LATE NIGHT WITH THE DEVIL.
Every year when I get my hands on the MIFF program and start selecting my films the first strand I pour through is Night Shift which contains some bizarre horror films and cinematic oddities. And this offbeat film gives us a fresh take on the tired found footage genre as it purports to offer a rare glimpse at the hitherto unseen master tape of the final episode of a late-night talk show which went horribly wrong. The film also incorporates elements of occult horror, demonic possession and satire of late-night television talk shows, and it certainly fits into that part of the program that caters to the outlandish and the weird.

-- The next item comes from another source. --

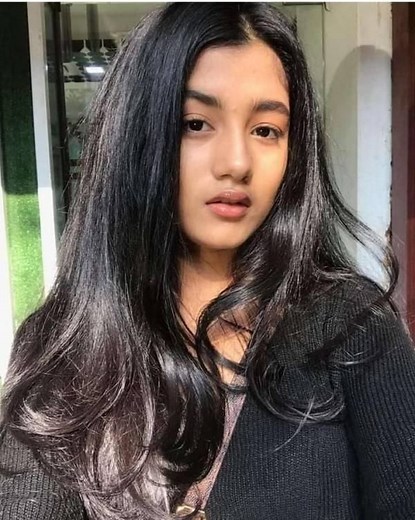 Ashlesha Thakur (Mahek Thakur) Age, Boyfriend, Family, Biography & More » StarsUnfolded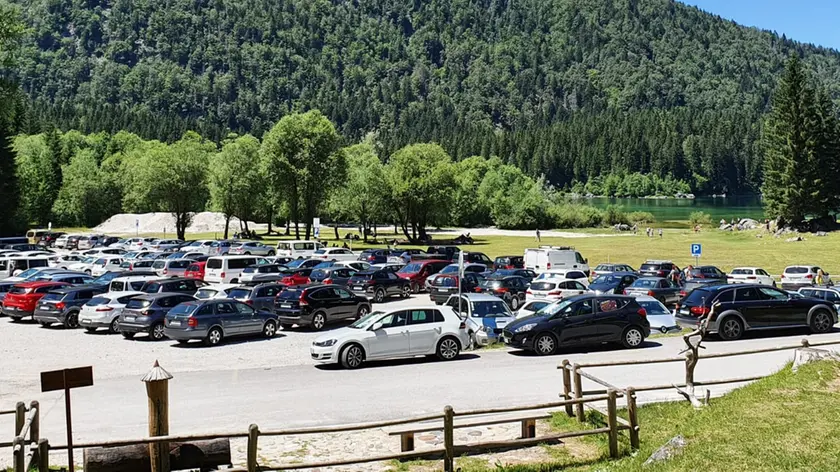 Il parcheggio ai laghi di Fusine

The premise is straightforward enough. In the 70s late night tv host Jack Delroy (played by David Dastmalchian, recently seen in Oppenheimer, etc) hosted the Night Owls program, a cheesy talk show which always trailed Johnny Carson in the ratings. But during a broadcast on Halloween night in 1977 something went badly wrong when Delroy attempted to win the ratings and courted controversy by embracing the theme of the occult and the supernatural. His special guests included Christou (Fayssal Bazzi, from the epic miniseries Shantaram, etc), a spiritualist; Carmichael Hunt (Ian Bliss, from tv series Wentworth, etc) a former conjurer turned debunker of fake psychics; and Lilly (Ingrid Torelli), a teenaged girl who was rescued from a suicide cult and was supposedly possessed by the spirit of a demon until she was deprogrammed by parapsychologist Dr June Ross-Mitchell (Laura Gordon, from tv series Winners & Losers, etc) who wrote a best-selling book about the experience. But when Delroy suggests that June try and contact the demon that has possessed Lilly things go spectacularly wrong. There’s projectile vomiting, exploding heads, melting bodies, and some gory bits.

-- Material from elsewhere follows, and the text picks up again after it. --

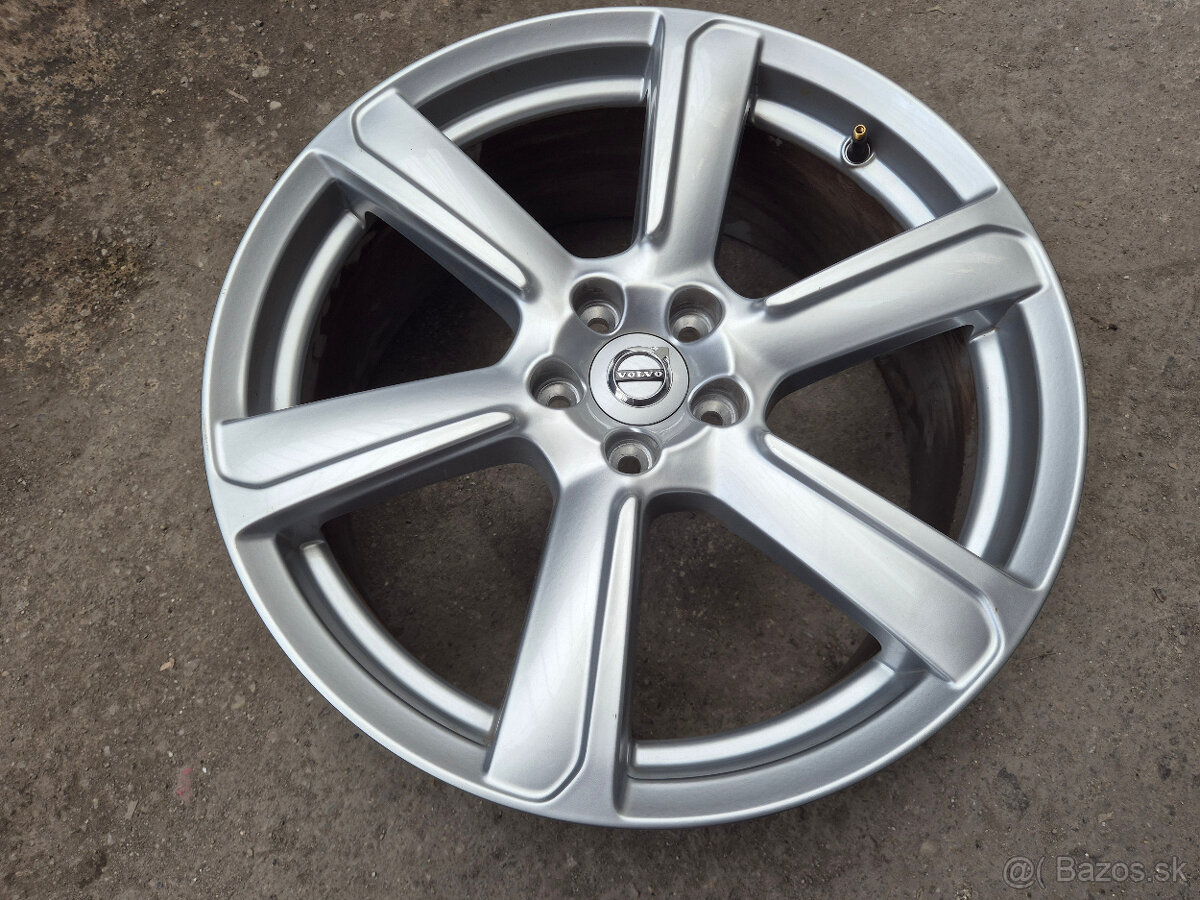 5x108 r19 ET42,5 8J elektróny originál VOLVO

What we see on screen is supposed to be the recently discovered master tape of the show which includes the show in its entirety complete with a lot of unseen footage and vision from behind the scenes during commercial breaks. The film is introduced with an eight-minute black and white documentary-like feature with narrator Michael Ironside giving us some background information on the 70s as a time of unrest and also some insight into the personality of Delroy and many of the rumours circulating about his links to a shady cult known as The Grove.

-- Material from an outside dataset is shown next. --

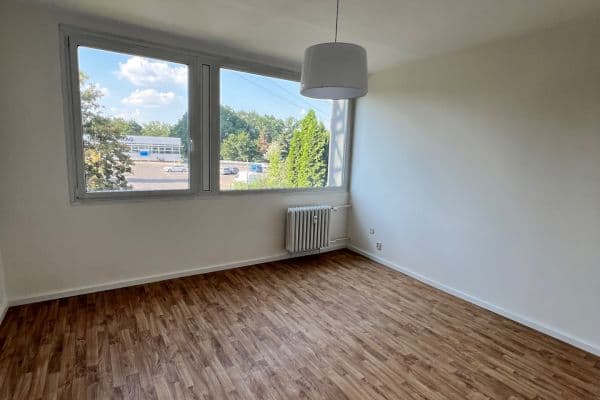 Prenájom bytu 3-izbový 61 m², Lužná, Praha Prenájom bytu 3-izbový 61 m², Lužná, Praha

This is the third feature film from Australian film making siblings Cameron and Colin Cairnes (2012’s 100 Bloody Acres, etc), and it was filmed at Docklands Studios in Melbourne. The Cairnes brothers use analogue effects to capture that 70s vibe, and the sometimes shonky effects are more the result of restraints of the low budget. Cinematographer Matthew Temple gives the material an appropriately retro look and he uses a boxy ratio for those parts of the broadcast that were televised, giving it the look of watching a tv screen. Late Night With The Devil serves up some uncomfortable laughs as it brilliantly recreates the look and feel of many of those late-night shows of the 70s and 80s, (for Australian audiences think The Don Lane Show) complete with its distinctive visual style, the colourful but cheap looking set designed by Otello Stolfo, the awkward announcer/comic sidekick, the breaks for commercials, the backing band and the appreciative live audience.
A perfectly cast Dastmalchian brings an unctuous quality to his performance as the ingratiating and smarmy host who grows more desperate as he loses control of his own show. In his feature film debut Rhys Auteri provides plenty of comic relief as Gus, the announcer who becomes increasingly nervous at the direction in which the show seems to be heading. Bliss is also perfect as the haughty and dislikeable Hunt.